The attacks were coordinated by an individual using the online alias "EL", or "El Money", who worked as the handler for the three men eventually arrested for the attacks. EL recruited a Ukrainian national, Roman Lavrynovych, on the messaging app Telegram after encountering him on a group for Ukrainians who were seeking work in London. EL offered Lavrynovych Russian citizenship in exchange for conducting the attacks. EL's contact details were saved in Lavrynovych's mobile phone as "EL Money". EL told Lavrynovych to put up posters for a far-right activist group, Direct Action UK, and promised him thousands of pounds in payment, which he never received. Lavrynovych told the court that he carried out the attacks for financial reasons. On 12 May, after the third attack, EL told Lavrynovych to throw away his clothes and that "there is news, you'll get crypto" and "Look, you attacked the home of a very high-ranking person in Britain. I'll send you money, you need to leave the city". Lavrynovych was subsequently arrested on 12 May.

===Suspects and trial===
Three defendants faced trial over the attacks: a Ukrainian national Roman Lavrynovych, a Ukrainian-born Romanian national Stanislav Carpiuc, and Petro Pochynok. They had denied conspiring together or with others to damage property by fire between 1 April and 13 May 2025. The three men all lived in London. On 15 June 2026, after a trial at the Old Bailey, Lavrynovych and Carpiuc were found guilty of conspiring to carry out the attacks.

Lavrynovych was convicted of the count of damaging property by fire being reckless as to whether life was endangered on 11 and 12 May at two north London properties but was acquitted of damaging property by fire with intent to endanger life at the fires. Pochynok was found not guilty of conspiracy to commit arson.

Commander Helen Flanagan, the head of Counter Terrorism Command, said there was no evidence to suggest that the defendants were aware of the identity of their target or that the properties were linked to Starmer and that there they had "no ideological motivation". She said that "clearly the intention from the online tasker was to create fear, both for the victim and the prime minister, and cause uncertainty, unrest, for the UK".

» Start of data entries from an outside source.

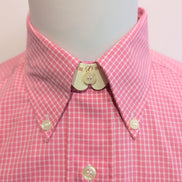 Chemise Peter & Sons New York L Rose Carreaux 100% Coton Neuve Sans Étiquette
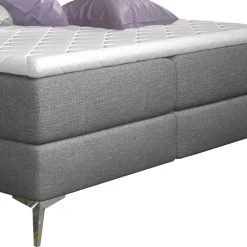 Polsterbett mit Stauraumboxen in Dunkelgrau - Horizonte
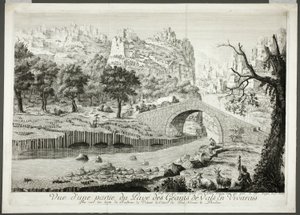 Ansicht eines Teils des Pfades der Riesen von Vals in Vivarais von Arnauld Eloi Gautier D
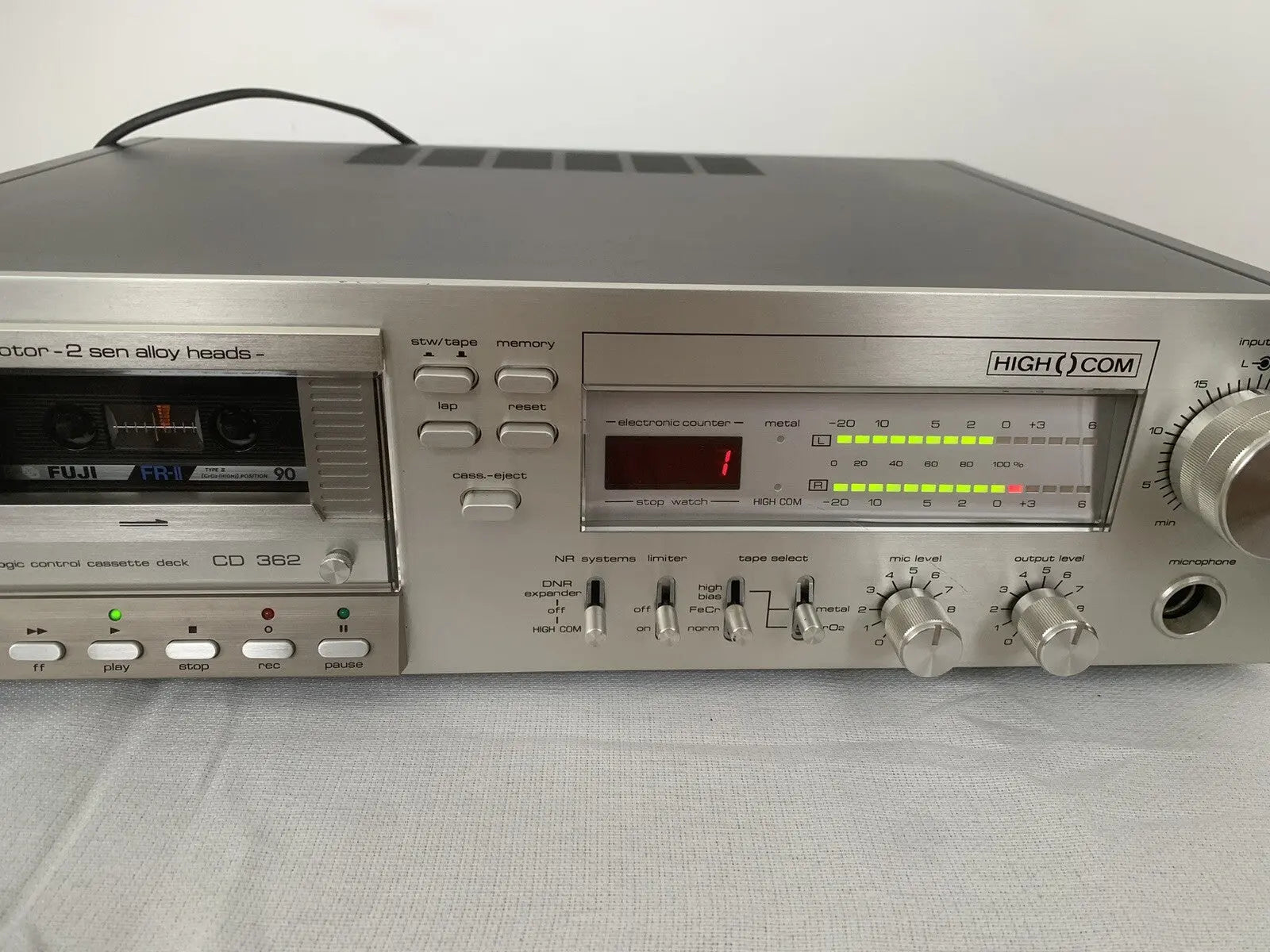 Saba CD 362 Kassettendeck Tape Deck Retro Vintage Silber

Following the fire it was falsely alleged that the Ukrainian suspects were male sex workers and it was implied that Starmer was involved in a sex scandal with them. The rumour was amplified by far-right figures such as Tommy Robinson, as well as other fringe political figures such as George Galloway, spreading to X, YouTube, TikTok, and protest marches (with placards referencing it). Robinson's message on X was reposted by Kirill Dmitriev, a special envoy to President Putin. Research by the Institute for Strategic Dialogue Center for Countering Digital Hate described the theory as a classic case of Russian disinformation by creating or amplifying a scandal (combining elements of homophobia, anti-establishment sentiment and geopolitical provocation) and using this to portray moral decadence, often by monitoring and boosting far-right content.

===Russian links and identity of EL===
In May 2025, the Financial Times reported that British security officials were investigating possible Russian involvement in the attacks, including whether actors in Russia had recruited the men accused of carrying them out.

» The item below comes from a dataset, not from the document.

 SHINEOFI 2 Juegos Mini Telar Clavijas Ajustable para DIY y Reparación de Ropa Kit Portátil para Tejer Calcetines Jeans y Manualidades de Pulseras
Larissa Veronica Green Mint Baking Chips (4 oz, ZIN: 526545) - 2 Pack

Following the trial in June 2026, the Financial Times reported that its investigation had established that the handler known as "El Money" was located in Russia and closely aligned with Noname057(16), a pro-Kremlin hacktivist group, and that Direct Action was administered by people in Russia. A BBC News investigation published the same day said it had identified evidence suggesting that "EL" was Evgeny Lyukshin (born c. 2003), a 23-year-old Russian diplomat and son of a senior Russian official. The BBC said that it could not establish with certainty that Lyukshin was EL, while counter-terrorism police said that they had also been unable to prove EL's identity or whom he was working for.

The Russian Embassy in London said in a statement that it "reject[ed] any attempt to associate Russia or its foreign ministry with unlawful activities" and that Russia posed "no threat to the United Kingdom or its people and harbours no aggressive intentions towards Britain".

==Direct Action UK==
Direct Action UK presented itself as a British far-right group. Investigations by the Financial Times and BBC News reported that it was operated from Russia and was used to promote anti-Muslim and anti-immigration material, recruit people in the UK for acts of vandalism and other offences, and inflame social divisions. Hope Not Hate and Tell MAMA had separately concluded that the group appeared to be a Russian operation and reported their concerns to counter-terrorism police.

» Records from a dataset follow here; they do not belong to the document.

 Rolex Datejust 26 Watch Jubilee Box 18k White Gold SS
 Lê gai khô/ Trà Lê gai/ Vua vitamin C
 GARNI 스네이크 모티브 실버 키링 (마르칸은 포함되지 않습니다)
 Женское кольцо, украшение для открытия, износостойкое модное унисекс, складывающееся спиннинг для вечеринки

Hope Not Hate reported Direct Action to counter-terror police in February 2026 after believing that Russian operatives were in charge of the group and were planning to recruit British residents to launch a "terror attack against a mosque or identifiably Muslim target in the UK". Hope Not Hate had no response from their report to the police. Tell MAMA received an acknowledgment from police but no further communication.

==Reaction==
At Prime Minister's Questions on 14 May 2025, a few days after the fire at his Kentish Town property, Starmer described the attacks as "an attack on all of us, on democracy and the values that we stand for". He was supported by Kemi Badenoch, the Leader of the Opposition, and Ed Davey, the Leader of the Liberal Democrats, who both echoed Starmer's statement of condemnation.